Shawn Hinchey
Broker, Hinchey Homes Real Estate Team
RECO registered, TRESA compliant, 18+ years in Durham Region real estate
Published: January 22, 2026
When the inherited home has a leaking roof, outdated wiring, or a crumbling foundation, your options narrow fast. Here is how to evaluate each path and pick the one that protects the estate.
The scope matters more than you think
Not all repairs are created equal. A dated kitchen is cosmetic. A roof with active leaks is structural. Aluminum wiring is a safety concern. A failing septic system is an environmental liability. Before you make any decision about the inherited home, you need to know what you are actually dealing with.
We recommend a full pre-listing home inspection before any strategy conversation. In Durham Region, a standard inspection runs $400 to $600, and it gives you a clear inventory of every issue. Some will be minor. Some will be dealbreakers for conventional buyers. Knowing the difference is the foundation of every good decision that follows.
Option 1: Sell as-is to an investor or cash buyer
This is the fastest path and the one most executors default to under pressure. An investor or cash buyer will purchase the home regardless of condition, often waiving inspection conditions entirely. Closings can happen in 15 to 30 days.
The cost is significant. Investors price their offers based on after-repair value minus renovation costs minus their profit margin, which typically runs 15 to 25 percent. On a home worth $850,000 after renovation, an investor offer might land at $550,000 to $620,000. That is $200,000 or more below what the estate could realize with a different approach.
This option makes sense in a narrow set of circumstances: when the estate has urgent debts, when beneficiaries cannot wait, or when the repairs are so extensive that the renovation timeline exceeds what the estate can absorb. Outside those situations, there is almost always a better path.
Option 2: Make essential repairs only and list on MLS
This middle path addresses the issues that would cause a buyer to walk away or demand a massive price reduction, without doing a full renovation. Fix the roof, update the electrical panel, remediate the mold, repair the foundation crack.
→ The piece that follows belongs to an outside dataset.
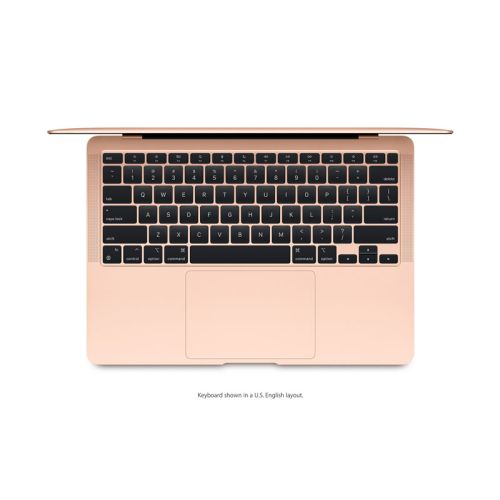 13-inch MacBook Air: 256GB - Silver (M1)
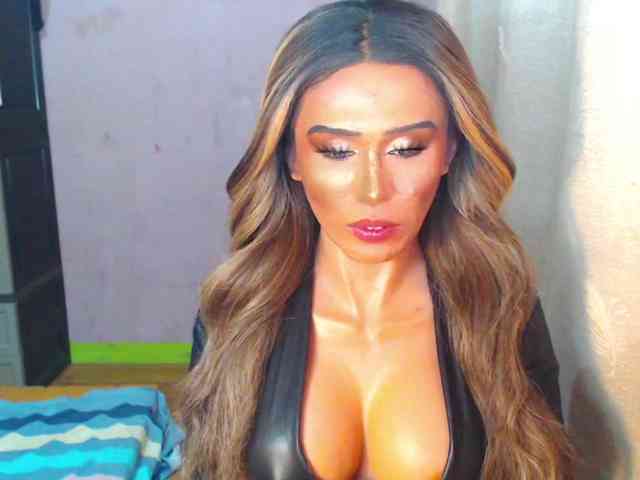 Lustscarlettex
Leave the cosmetics as they are.
The advantage is that you open the home to conventional buyers who can get mortgage financing. Most lenders will not approve a mortgage on a home with active structural, safety, or environmental deficiencies. By clearing those hurdles, you dramatically expand your buyer pool.
The disadvantage is that you still sell at a discount relative to a fully renovated home. Buyers see the dated kitchen, the old bathrooms, and the worn flooring, and they mentally deduct their own renovation budget from the price they are willing to pay. That mental math is almost always more generous to the buyer than the actual renovation would cost.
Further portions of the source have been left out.